Why does deconstructing a tuple from the return value of reduce cause an error?

Question

Let's say I have an array of integers, and I want to get the sum of all the even numbers and the sum of all the odd numbers. For example, for the array [1,2,3], sum of all the odd numbers is 4, and sum of all the even numbers is 2.

This is how I do it:

array.reduce((odd: 0, even: 0), { (result, int) in
    if int % 2 == 0 {
        return (result.odd, result.even + int)
    } else {
        return (result.odd + int, result.even)
    }
})

This worked fine on its own, but as soon as I try to deconstruct the tuple returned:

let (oddSum, evenSum) = a.reduce((odd: 0, even: 0), { (result, int) in
    if int % 2 == 0 {
        return (result.odd, result.even + int)
    } else {
        return (result.odd + int, result.even)
    }
})

It gives me the error:

Value of tuple type '(Int, Int)' has no member 'odd'

on the return statements.

Why does deconstructing the tuple cause the generic type to be inferred differently?
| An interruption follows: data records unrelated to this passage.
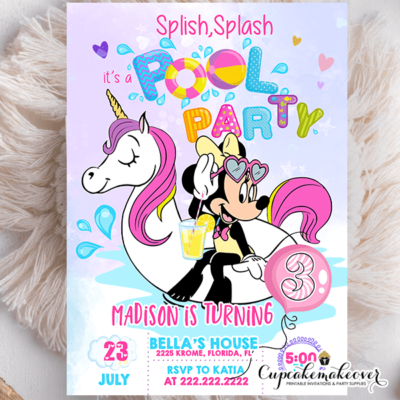 Minnie Mouse Pool Party Invitations, Unicorn birthday Float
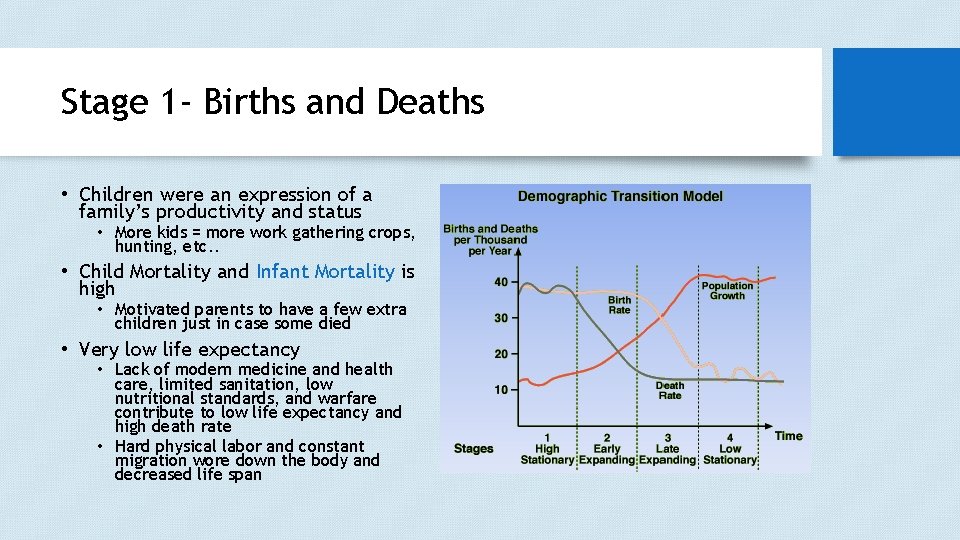 Stage 1 - Births and Deaths • Children were an expression of a family’s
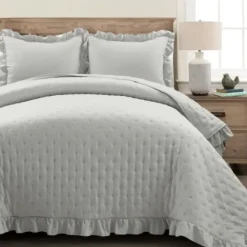 Quilts-Kirkland's Home Reyna Ruffle 3-Pc. King Quilt Set Gray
The deconstruction part should just say what to do to the result. The method call should have been interpreted on its own, and then matched against the pattern (oddSum, evenSum).

To fix this I have to change the first parameter to (0, 0), which makes the stuff in the closure very unreadable. I have to refer to the odd sum as result.0 and even sum as result.1.

Answer 1

TL; DR

This behaviour is unfortunate, but is 'working as expected' due to a combination of:

• The constraint system favouring un-labelled tuple types over labelled tuple types when it comes to type variable binding.
• Multi-statement closures not participating in type inference.

---

Why does deconstructing the tuple cause the generic type to be inferred differently? The deconstruction part should just say what to do to the result. The method call should have been interpreted on its own, and then matched against the pattern (evenSum, oddSum).
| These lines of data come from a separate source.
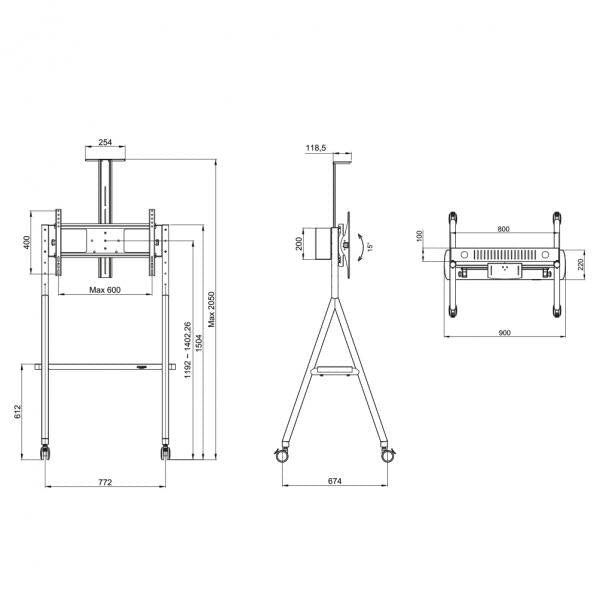 Neomounts NS-M1500Black Flachbildschirm-Bodenständer, 50 kg, 32-65, 200 x 200 600 x 400 mm, schwarz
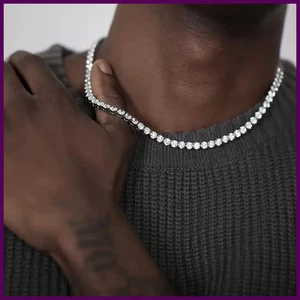 Hip Hop Zirkon Kristall Halskette für Herren Rock Silber Farbe Tennis Kette Halskette - Bild 1 von 26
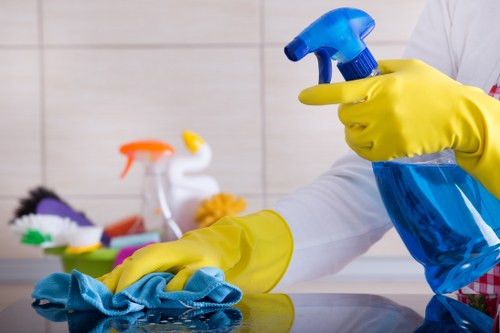 Communal cleaning of a Stockwell apartment block entrance and hallway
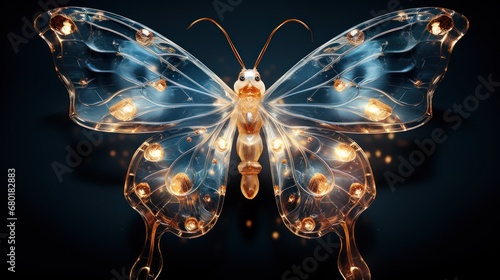  a butterfly with glowing lights on it's wings and wings, with a blue and yellow pattern on it's wings, against a dark background with a black background.
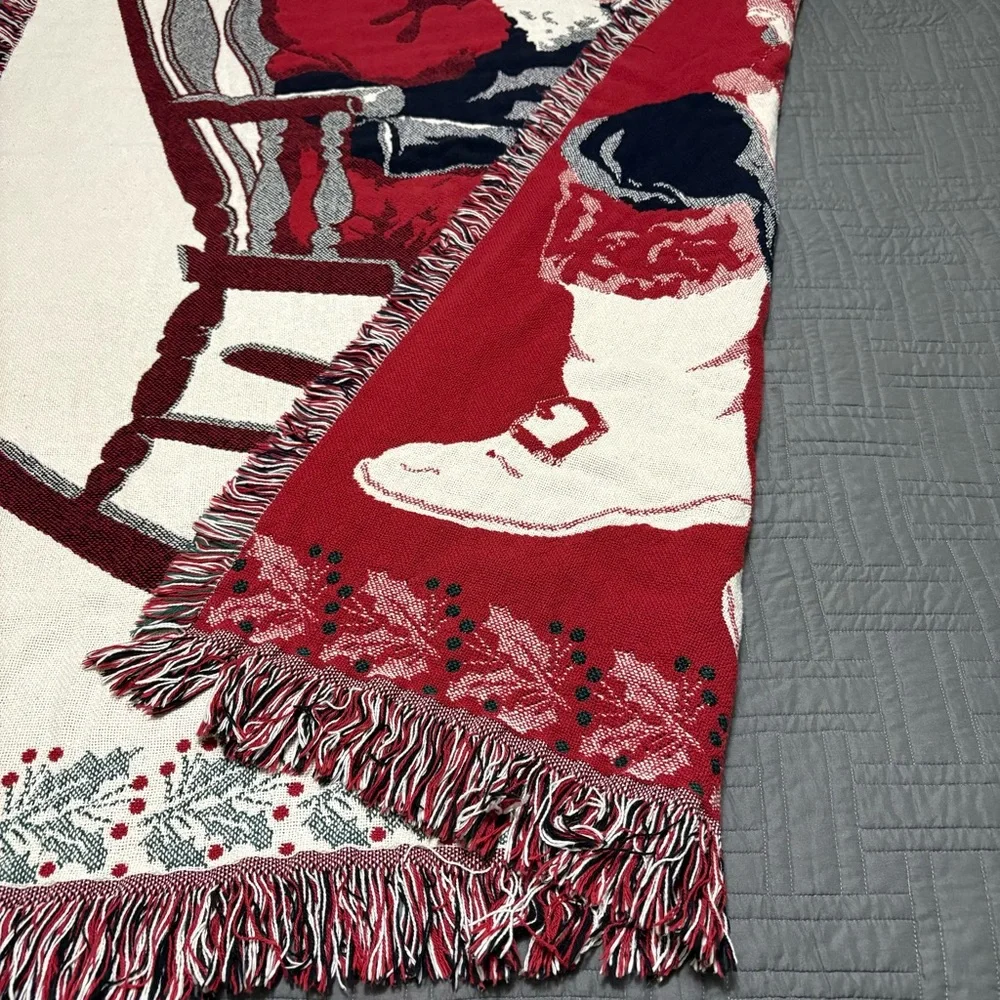 Vintage Santa Rocking Chair Toy Christmas Tapestry Throw Blanket 90s 64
The type checker does bidirectional type inference, meaning that the pattern used can influence how the assigned expression is type checked. For example, consider:

func magic<T>() -> T { 
  fatalError() 
}

let x: Int = magic() // T == Int

The type of the pattern is used to infer that T is Int.

So what happens with a tuple deconstruction pattern?
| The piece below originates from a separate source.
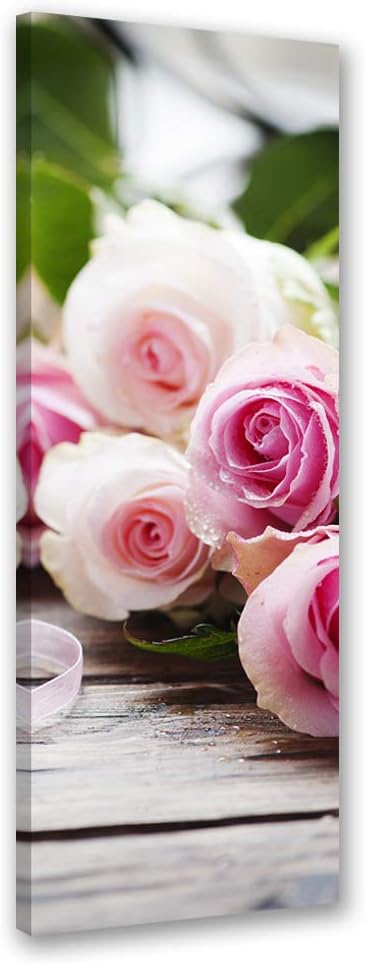 Feeby Wanddeko Blumen Leinwandbild Kunstdruck rustikal Rosa 40x100 cm Leinwandbild 40x100 cm Rosa_b,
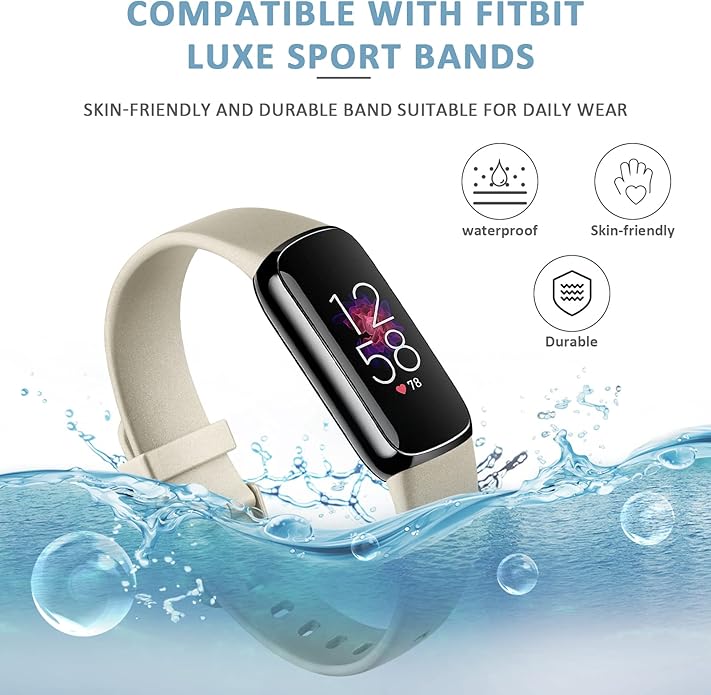 AK Sport Band Compatible with Fitbit Luxe Bands for Women Men, Soft Silicone Replacement Sport Straps Wristbands for Fitbit Luxe Fitness and Wellness Tracker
let (x, y) = magic() // error: Generic parameter 'T' could not be inferred

The type checker creates two type variables to represent each element of the tuple pattern. Such type variables are used internally within the constraint solver, and each must be bound to a Swift type before the constraint system can be considered solved. Within the constraint system, the pattern let (x, y) has the type ($T0, $T1), where $T{N} is a type variable.

The function returns the generic placeholder T, so the constraint system deduces that T is convertible to ($T0, $T1). However there's no further information for what $T0 and $T1 can be bound to, so the system fails.

Okay, let's give the system a way to bind types to those type variables by adding a parameter to the function.

func magic<T>(_ x: T) -> T {
  print(T.self)
  fatalError()
}

let labelledTuple: (x: Int, y: Int) = (x: 0, y: 0)
let (x, y) = magic(labelledTuple) // T == (Int, Int)

This now compiles, and we can see that the generic placeholder T is inferred to be (Int, Int). How did this happen?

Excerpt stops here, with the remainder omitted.